Through the Language Glass (Part 2)

This is part 2 of my review of Guy Deutscher's new book Through the Language Glass: Why the World Looks Different in Other Languages. This covers The Language Lens (129-249). Part 1 is here. This review will cover the scientific evidence that Deutscher reviews suggesting that language affects thought, and will end with a shocking proposal.

To sum up my review of part one: meh. Okay, we've established that culture can influence language. This is a lot less controversial than Deutscher makes it seem and he spent a large amount of text defending that position. Okay, whatever, time to move on. In part 2 he again begins with historical review explaining why he thinks Whorf was a con man, but also why he thinks the core insights of early linguist relativity deserve closer, honest investigation. He complains that based his Hopi claims on just one lonely informant (p142). We'll see later that Deutscher himself falls for the same trap. He replaces Whorf with the Boas-Jakobson principle that languages differ in what they must convey, not what they may convey” (151). I respect Deutscher for making this a central theme in his book because I think he's right. To parrot his own recitation of Humbolt: any thought can be expressed in any language. It is what our native language forces us to foreground that makes linguistic relativity an interesting topic.

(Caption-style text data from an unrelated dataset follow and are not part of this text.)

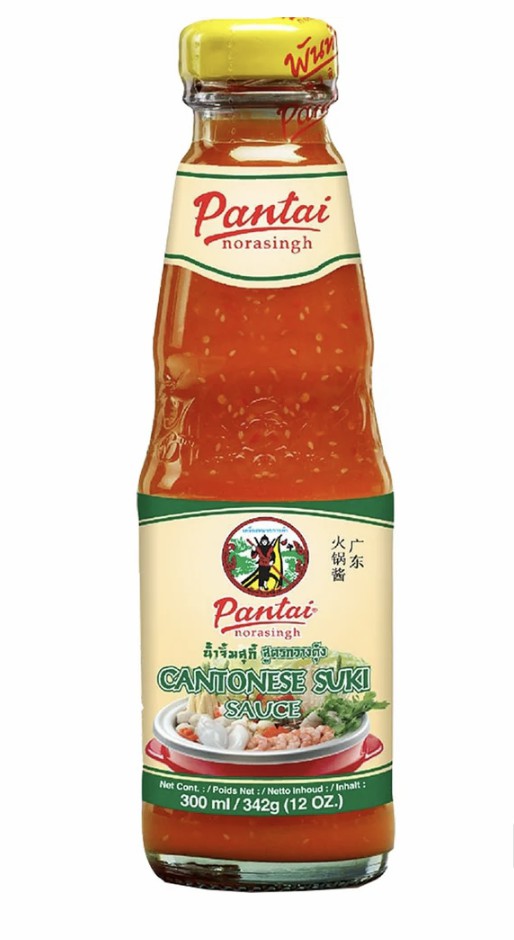 Pantai Sukisauce nach kantonesischer Art 300ml
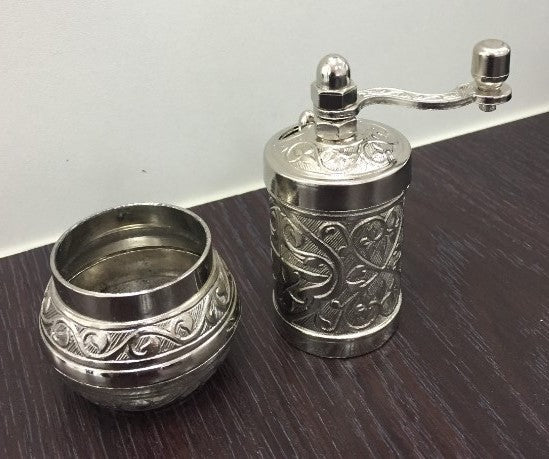 Turkish Coffee Grinder-Manual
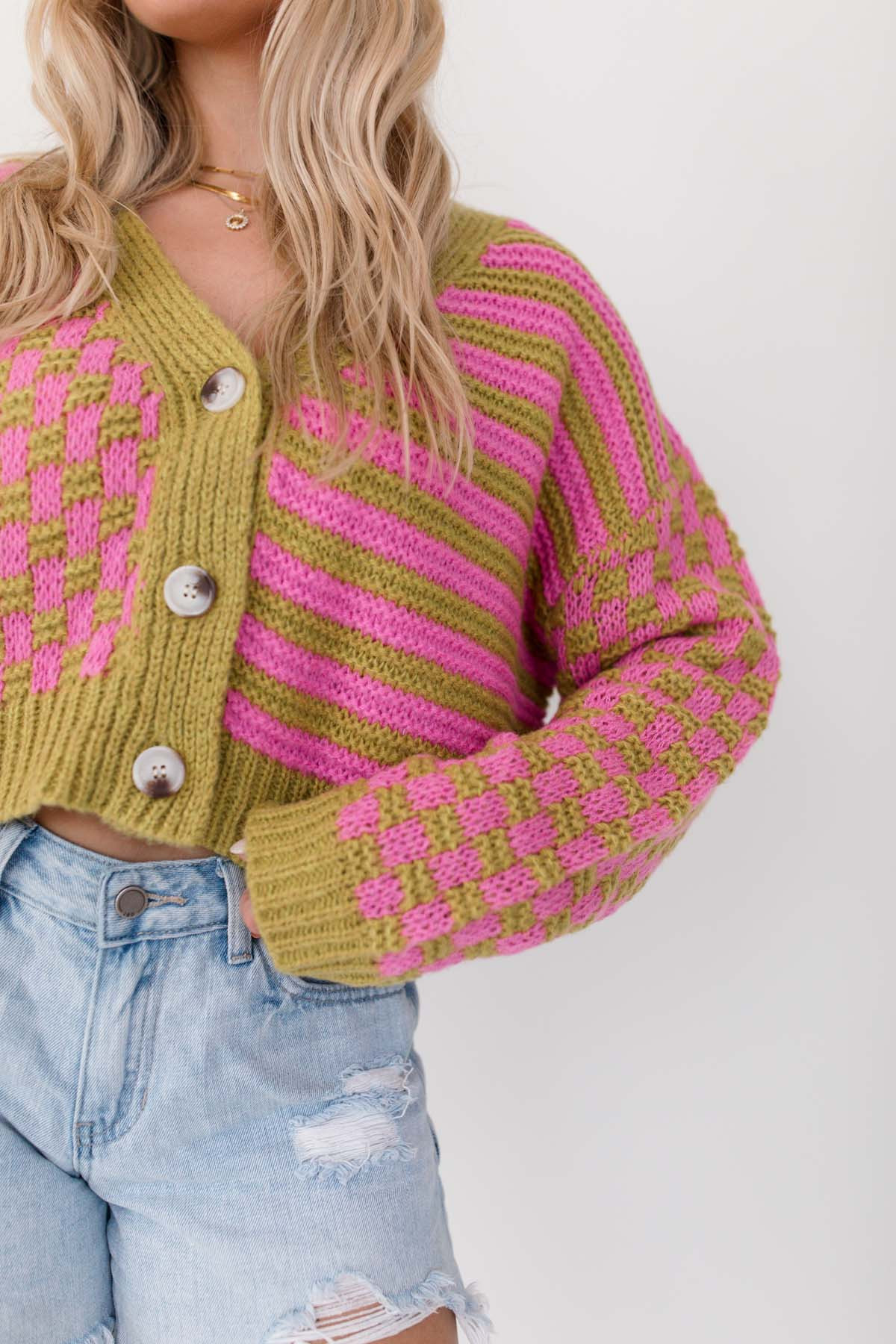 Ryder Knit Button Down | The Post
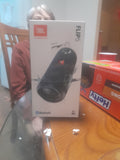 Bluetooth speakers and earbuds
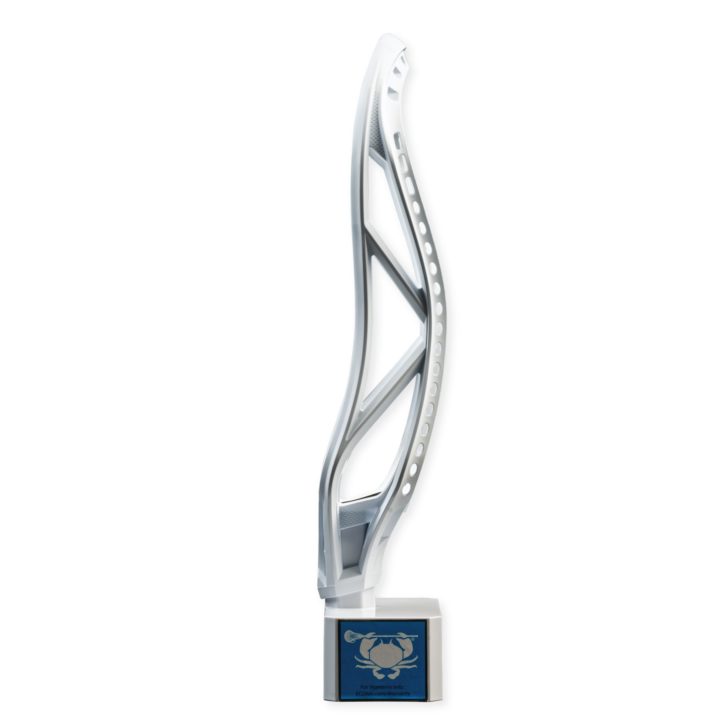 ECD Rebel Offense Unstrung Lacrosse Head - Image 3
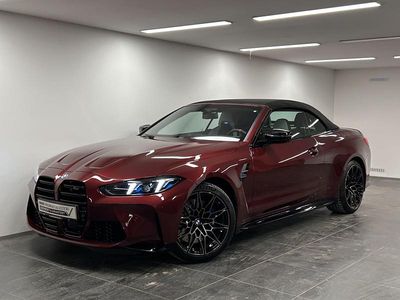 Gebraucht BMW M4 Cabriolet Competition Edition 530 PS (389 kW) 2025 Rot Cabrio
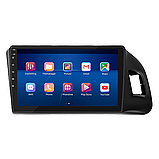 Al Штатна магнітола для Audi Q5 1 (8R) Рестайлінг 2012-2017 екран 9" 4/64Gb 4G Wi-Fi GPS Top Android, фото 3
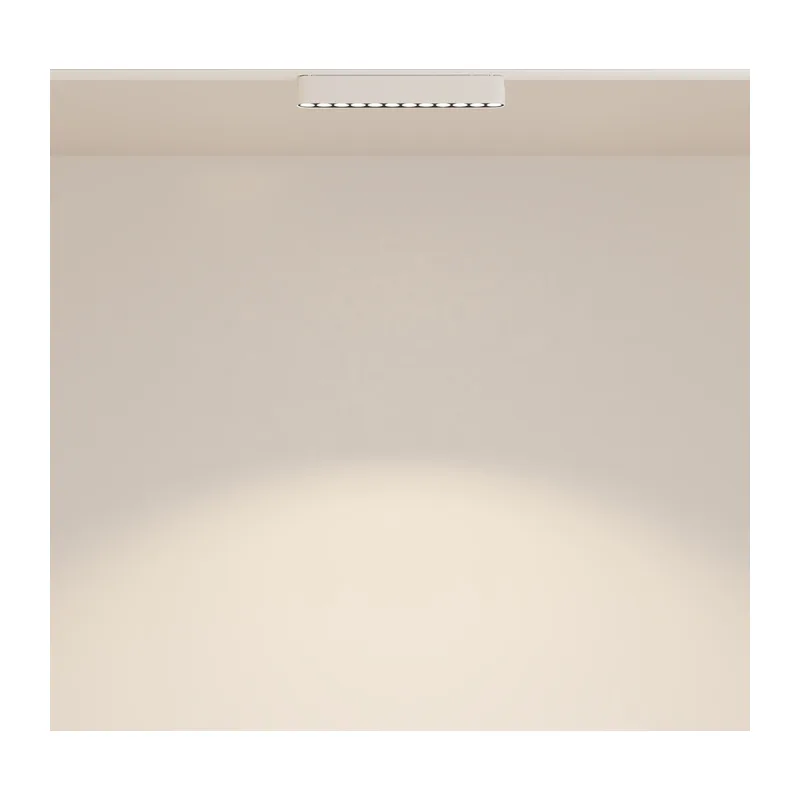 Трековый светильник Точки / Points Radity 3000K 12Вт 36° Maytoni TR082-1-12W3K-M-W 9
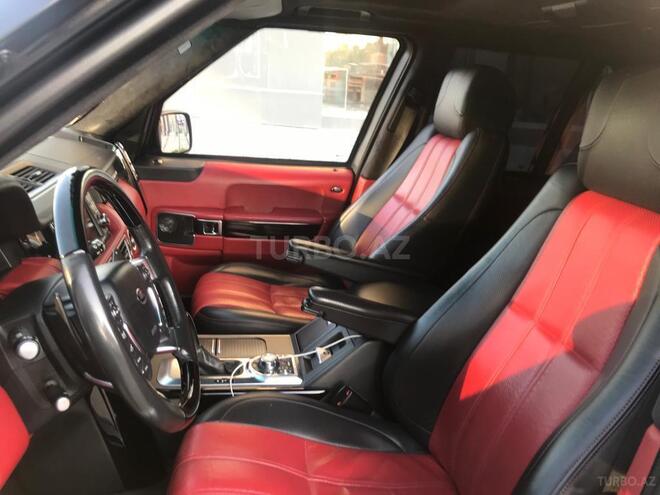 Land Rover Range Rover 2012, 75,000 km - 5.0 l - Bakı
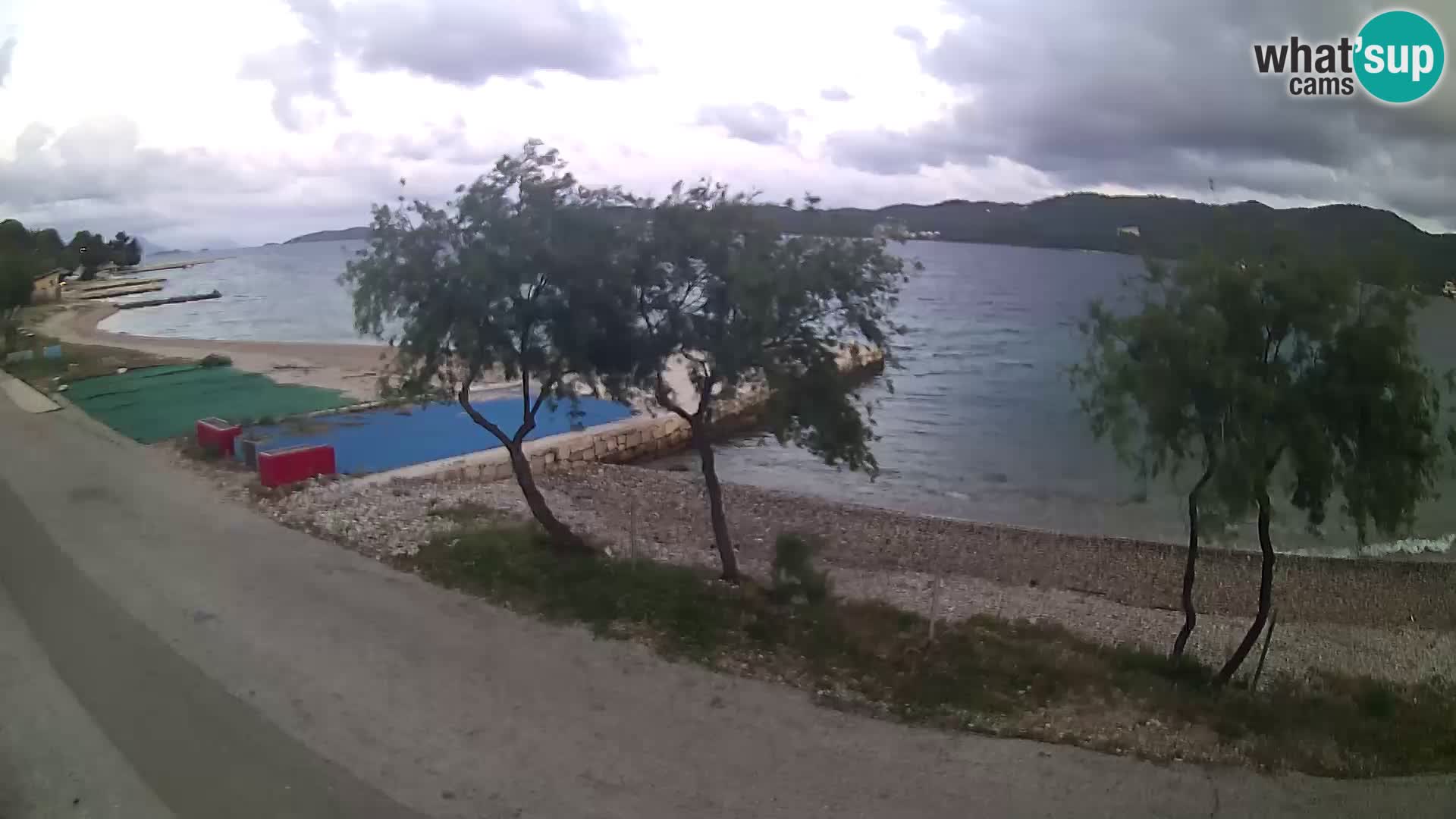 Live Webcam Viganj – Pelješac – view from Antony-Boy Autocamp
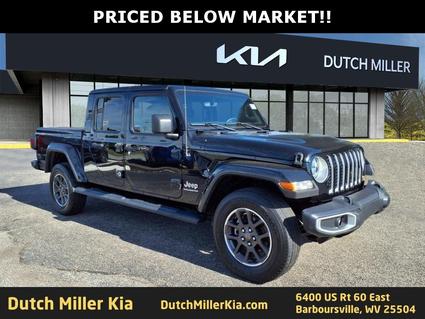 2023 Jeep Gladiator Barboursville WV
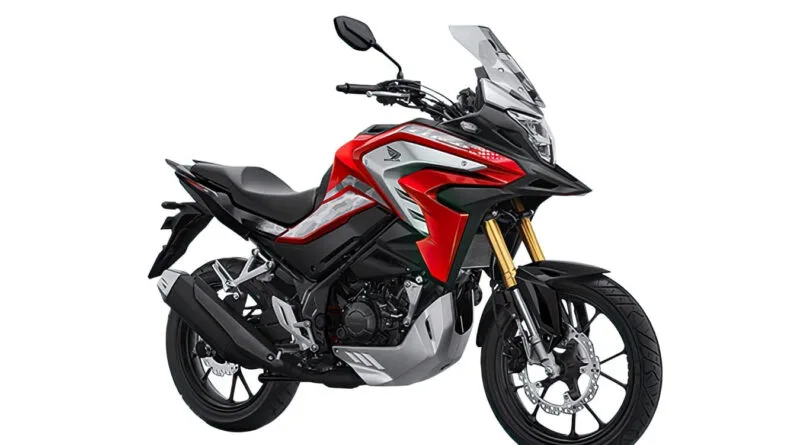 honda cb150x 2024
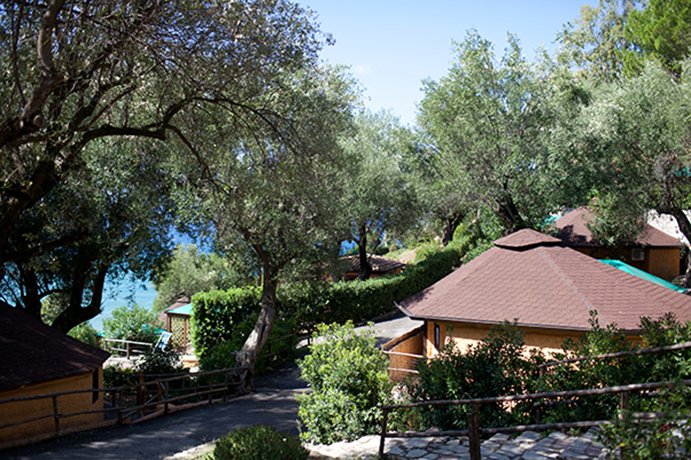 Villaggio Palinuro con Bungalows e Case Mobili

Deutscher spends most of the second part of the book reviewing three areas of language that have provided evidence that language affects thought: spatial coordinates, grammatical gender, and color terms (familiar from part 1). The general point I want to make about his evidence is that it is far weaker than he maintains. But is is interesting. A brief set of reactions:

Spatial Coordinates -- everything is embodied
Most of his argumentation about the affect of spacial coordinate terms on thought stems from Levinson's evidence from speakers of the Australian language Guugu Yimithirr which is famous for giving us the word “kangaroo.” Speakers of GY do not generally use ego-centric terms like "right" and "left" but rather use cardinal direction terms like "east" and "west." As a result, Deutscher claims, they remember information about situations differently than speakers of English. They have, so the argument goes, a perfect pitch for direction and they are always attuned to where north is. Deutscher's claim is that only the linguistic repetition of such terms can possibly account for this. Hence, their language affects what they pay attention to and what they remember, hence language affects thought.

I've never found this line of research all that convincing regarding linguistic relativity and Deutscher does not really add much to the debate. Like Deutscher's complaint above regarding Whorf's one lonely Hopi speaker, it turns out there are not many native speakers of Guugu Yimithirr left and haven't been for a while. These experiments on directional language involve very few speakers, and most of them have both cardinal direction and ego-centric direction in their dialect. If we're going to complain about Whorf's restricted subject pool, we must complain about Levinson's too.

But more to the point, I believe all direction terms are ultimately ego-centric insofar as they are embodied. The terms "north" and "south" are not magically universal. They are based on a human being's body and orientation (i.e., ego-centric). Don't believe me, ask yourself, what does "north" mean in space? What does "north" mean to an amoeba? Mostly what Deutscher does in his discussions of direction terms is reiterate the point he belabored in Part 1: culture affects language. Yeah, we got that already.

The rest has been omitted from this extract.